Chic – Le Freak

(Chewy Rubs ‘Future Freak Edit)

New York, New Year’s Eve 1977
Nile Rodgers and fellow co-founder of Chic  Bernard Edwards have just received a phone call from Grace Jones.

Jones insists the pair come see her perform at Studio 54 that very same night.  They should tell the bouncer that they are ‘personal friends of Grace Jones’. A few hours later, the 25 year old Nile Rodgers and Bernard Edwards inch their way towards the back door of the iconic club as per her instructions.

 Nile announces to the bouncer that he and Edwards are ‘personal friends of Grace Jones’. 

The bouncer was not convinced.

Despite only having released a couple of records, the duo caught Jones’ attention. A voice purred down the telephone line that Nile describes as a cross between Marlene Dietrich and a pot pourri of every major star,

Hello darling, this is Grace Jones.

After several failed attempts, the disheartened pair head back to Nile’s nearby apartment. Nile grabs his guitar and the pair start jamming a song which they call ‘Aaahhh, fuck off!’- a musical retort to the bouncer.

As the song developed Nile changed the title to ‘Freak Off’, a more radio-friendly alternative.

After some more thought Rodgers decided to jump onto the new dance craze spreading through New York called ‘The Freak’.

So he changed it to a positive song about the dance and ‘Le Freak’ is born.

Have you heard about the new dance craze?
It’s called ‘Le Freak’, they’re doing it night and day
Just come on down to the fifty four
Find your spot out on the floor.

“We were so pissed off at what had happened.
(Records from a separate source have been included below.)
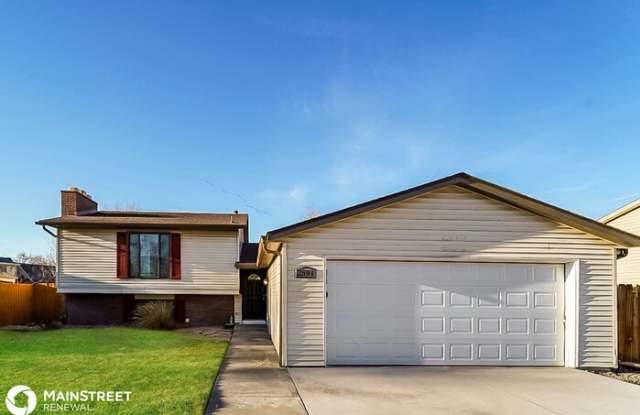 2591 Mather Street - 2591 Mather Street, Brighton, CO 80601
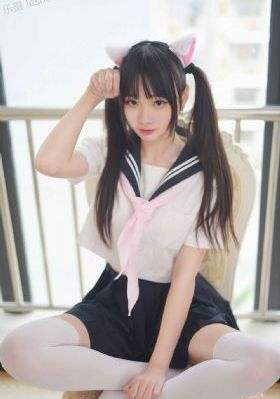 布拉芙夫人电影免费观看全集在线_超清电影完整版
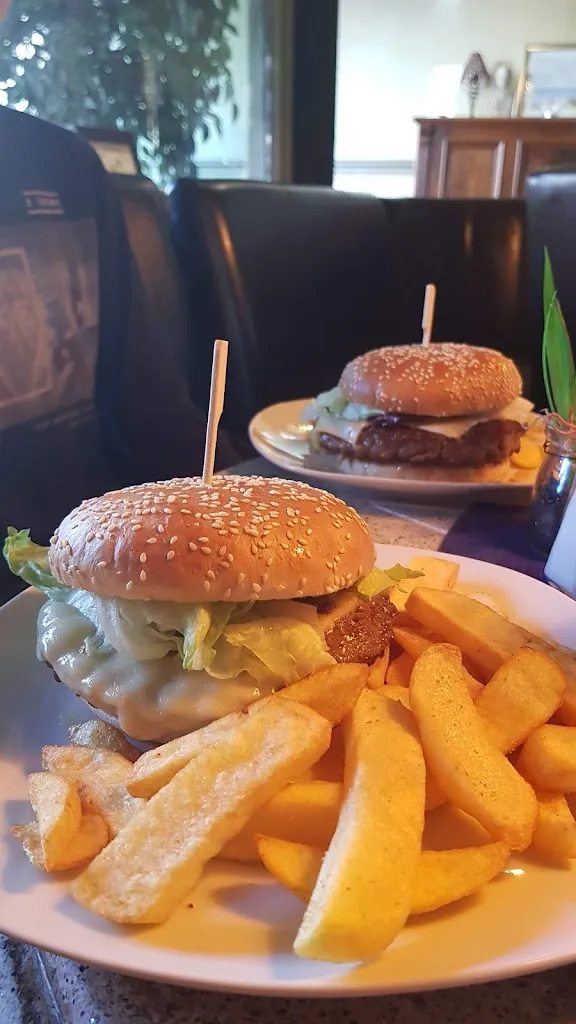 Menu_Antik-Cafe Mariechen_Springe_image_9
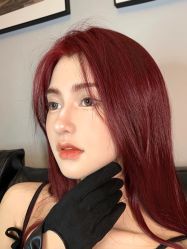 点击看大图 -3AM HAIR SALON烫发染发接发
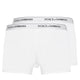 BI-PACK BOXER REGULAR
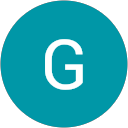 Gail Grove profile picture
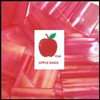 1000 PACK APPLE BRAND BAGGIES MINI 2mil CLEAR BAGS 1000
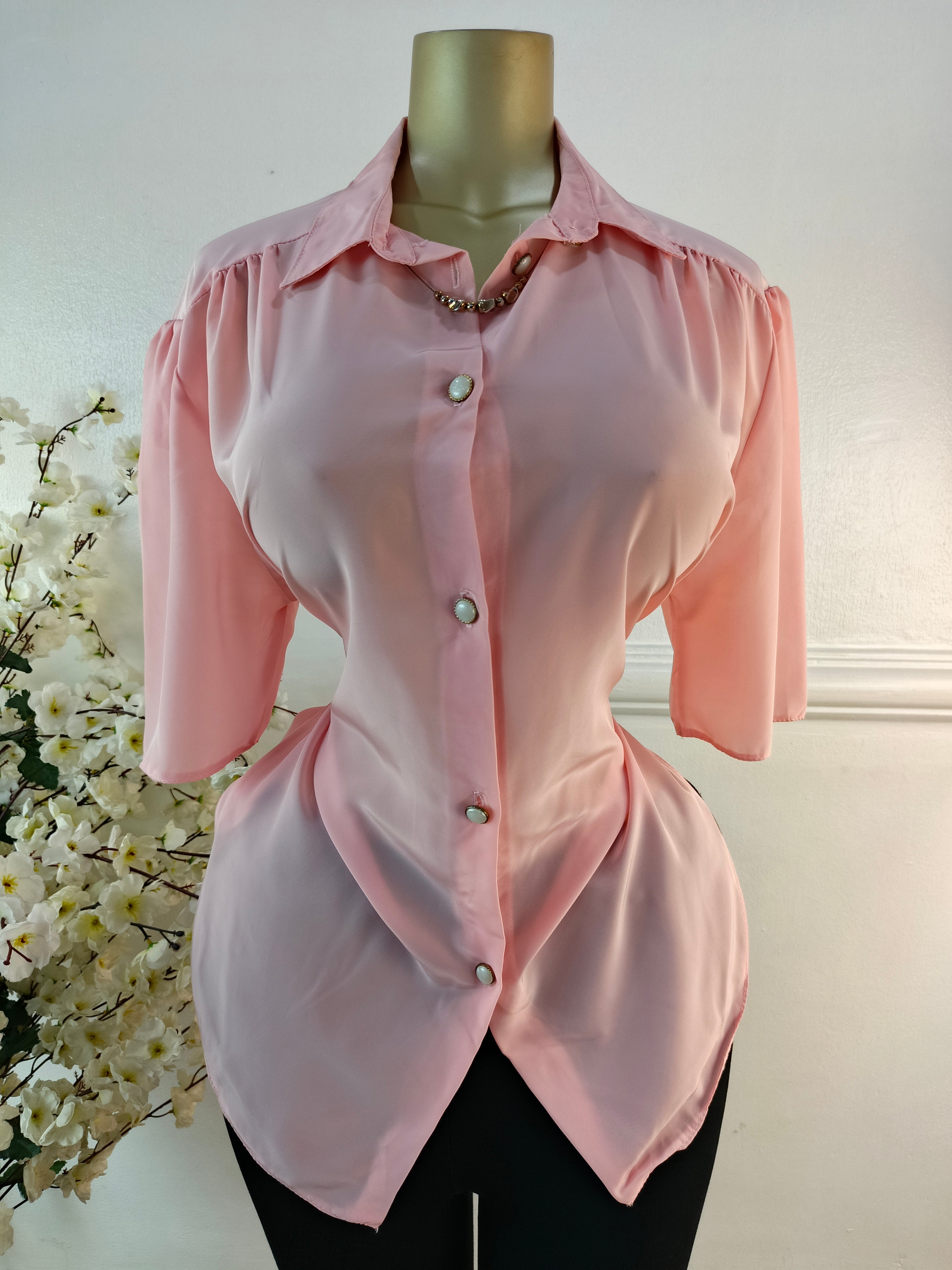 TOP UK SIZE 20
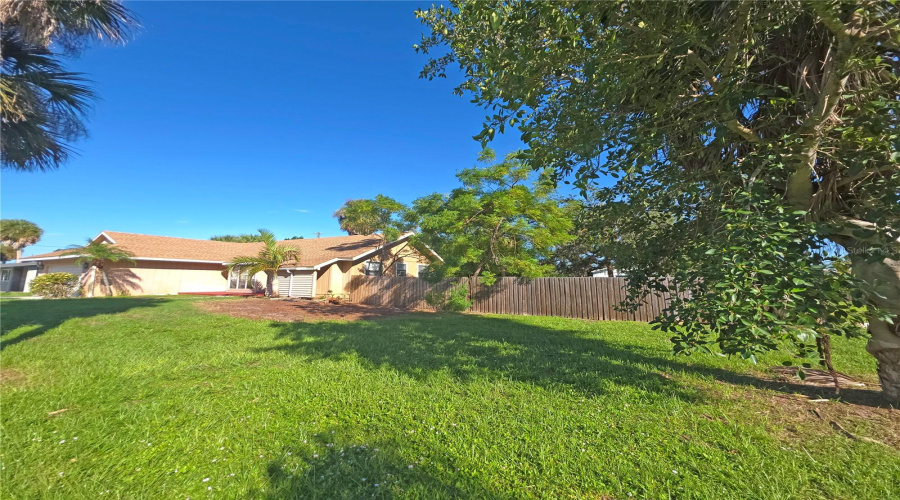Venice, Florida 34293, 3 Bedroom Bedrooms, ,2 Bathroombathrooms,Residential,For Sale,South Venice,0,Mfrd6148356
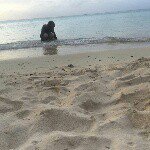 10954647_812454575457140_1200432506_a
I mean, it was Studio 54, it was NewYear’s Eve, it was Grace Jones, and we were wearing the most expensive outfits that we had — back then, in the late ’70s, our suits must have cost us a couple of thousand bucks each, and our really fancy shoes had got soaked trudging through the snow.

“So ‘Fuck Off’ was a protest song, and we actually thought it was pretty good – It had a vibe. I was thinking ‘This could be the anthem of everybody who gets cut off on the street by a cab driver or any kids who want to say this to their parents.’ You know, ‘Hey, I wasn’t saying it, man! I was just playing the record.’ 

“We really had pretty big designs on completing the song as ‘Fuck Off’. You’ve got to remember, we didn’t think of that prior to sitting down and playing. Once we did sit down and play and started singing that hook, it sounded good; just as good as ‘freak out’. In fact, had we not come up with ‘fuck off’ we would never have written ‘Freak Out’ and some other song would have been our big hit record. 

Bernard and I usually wrote the hook of a song first, and then once we felt we had a chorus that would pay off, the rest of the song would follow. So, that night we actually converted it to ‘freak out’. That was part of the process that first night. First, we changed it from ‘fuck off’ to ‘freak off’, and that was pretty hideous.

We were singing it and just stumbling over ‘freak off’, because it was so lame by comparison. Then, all of a sudden it just hit me. For one second the light bulb went on and I sang ‘Aaaaahh, freak out!’